Lantas, bagaimana status masyarakat yang merasa bimbang atau kebingungan dengan waktu ditentukannya 1 Muharram? Kiai Sirril Wafa menerangkan bawasanya penentuan 1 Muhrram oleh LF PBNU memang tidak sesuai dengan kalender, sebab bulan Dzulhijjah 1445 diistikmalkan lantaran hilal yang tidak terlihat pada saat rukyatul hilal dilakukan.

 

“Istikmal ini posisinya dijadikan pedoman untuk masalah ibadah mahdlah, sedangkan untuk hal-hal yang berkaitan dengan seremonial atau upacara keagamaan yang non-keagamaan atau berkaitan dengan masalah ‘urf, maka saya katakan tidak ada salahnya menggunakan pedoman pada kalender,” jelasnya.  

 

Oleh karena itu, menurut Kiai Sirril Wafa, jika masyarakat sudah membaca doa akhir tahun pada Sabtu sore dan pada malam harinya sudah membaca doa awal tahun tidak masalah. Sebab, hal itu tidak berkaitan dengan ibadah mahdlah.  

 

“Jadi tidak perlu ada qadha.
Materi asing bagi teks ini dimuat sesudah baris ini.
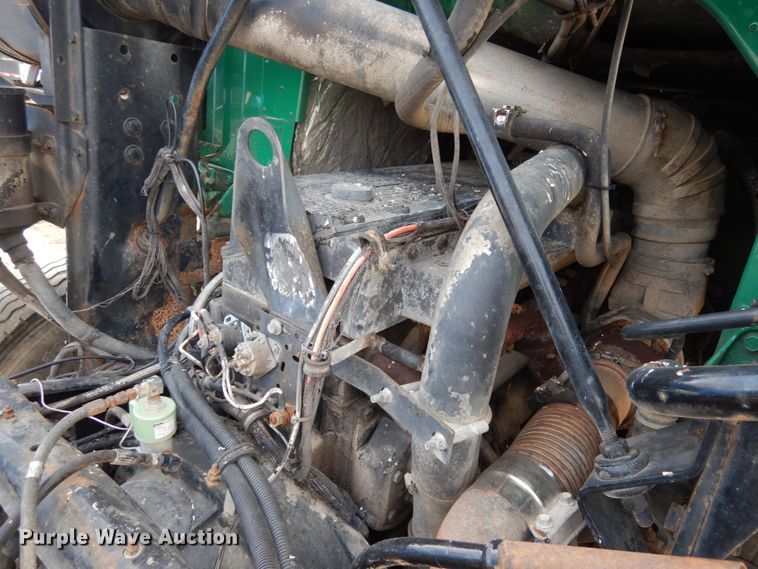 image for item JK9795 1994 White GMC Xpeditor WX  truck cab and chassis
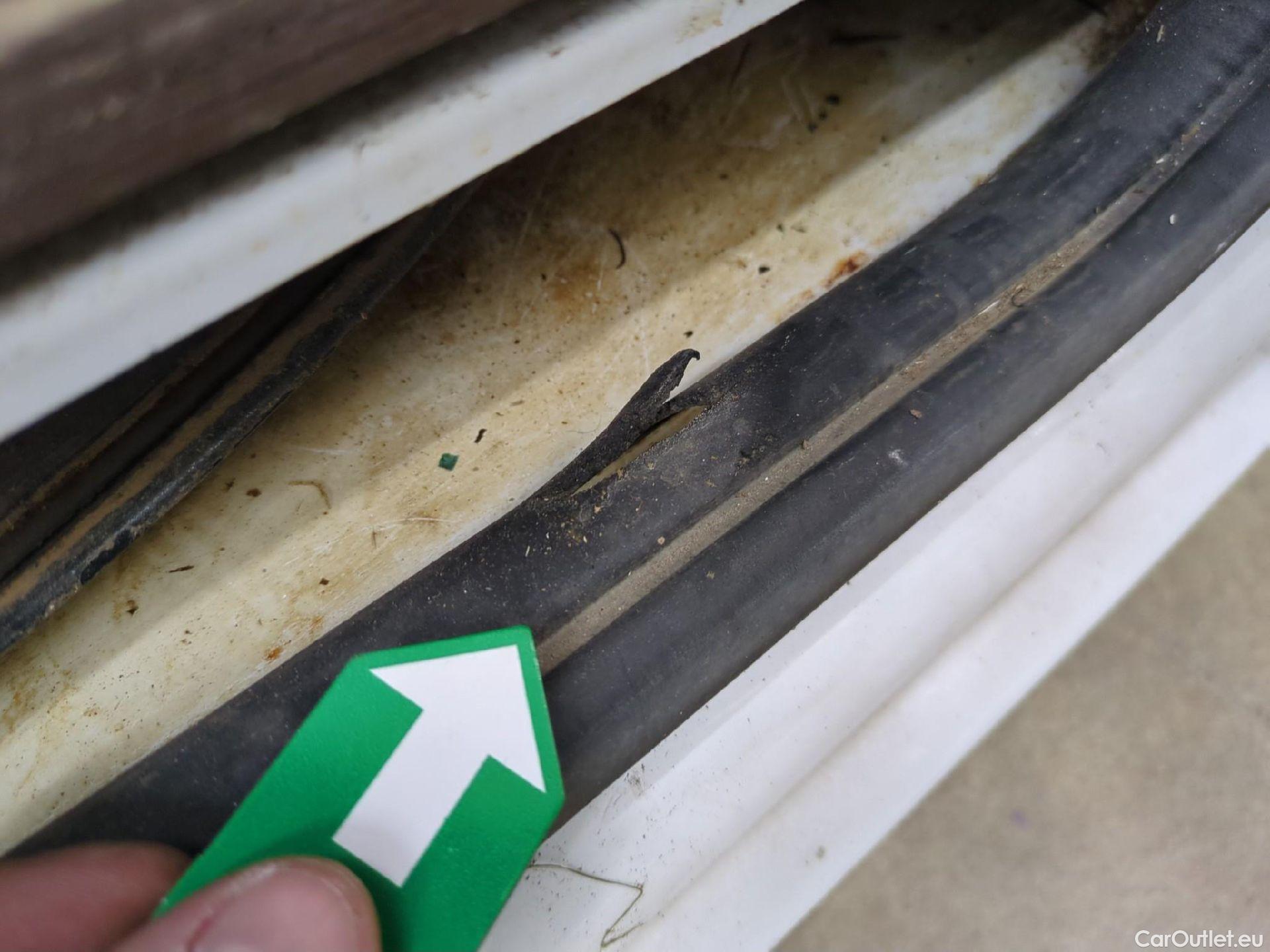  Nissan  NV400 NISSAN  VU 4p Fourgon L3H2 2.3 DCI 130 3500 Optima #3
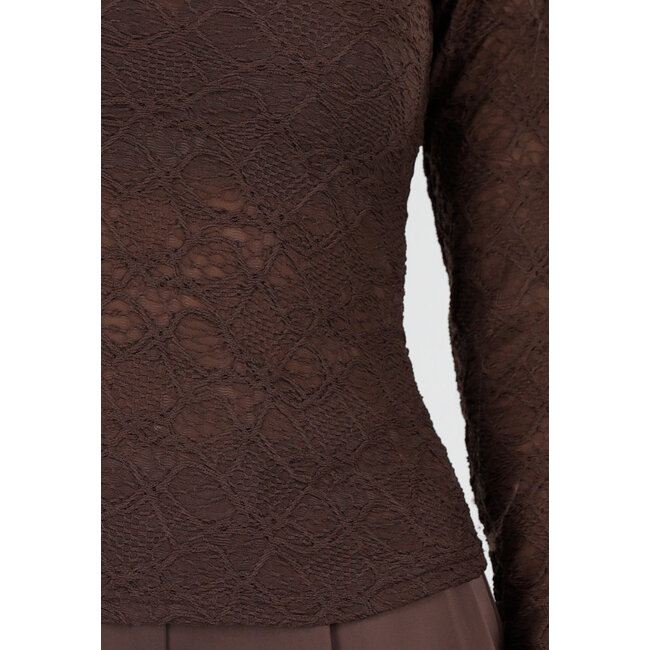 Braunes Spitzenoberteil mit hohem Kragen und langen Ärmeln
Ini menyangkut pada masalah urf keagamaan. Apalagi obor, ada yang merayakan obor malam Ahad itu ya nggak masalah karena sudah menggunakan pedoman dari kalender, sedangkan posisi istikmal itu untuk kepentingan ibadah mahdlah sesungguhnya kalau di kalangan NU,” lanjutnya.  

 

Kiai Sirril Wafa mencontohkan puasa Ayyamul Bidh atau hari-hari putih. Puasa ini dilaksanakan pada tanggal 13, 14, dan 15 pada kalender Hijriah. “Nah jadi nanti untuk warga NU yang taat menggunakan istikmal kemarin, puasa ayyamul bidhnya ya tanggal 13 itu kebetulan bertepatan dengan tanggal 20, 21, 22,” imbuhnya. 

 

Kiai Sirril menyebut bahwa istikmal kali ini sangat tepat untuk kepentingan ibadah mahdhah. Sebab, tanggal istiqbal atau purnama penuh jatuh pada tanggal 21 Juli 2024 dan bertepatan dengan tanggal 14 Muharram versi iistikmal. Sedangkan berdasarkan penanggalan non-istikmal jatuh pada 19 Juli dan pada tanggal tersebut belum memasuki purnama penuh.  

 

“Jadi, di situ purnama penuh itu kalau kita lihat itiqbalnya itu tanggal 21 Juli,” terang dosen di Fakultas Syariah dan Hukum Universitas Islam Negeri (UIN) Syarif Hidayatullah Jakarta itu.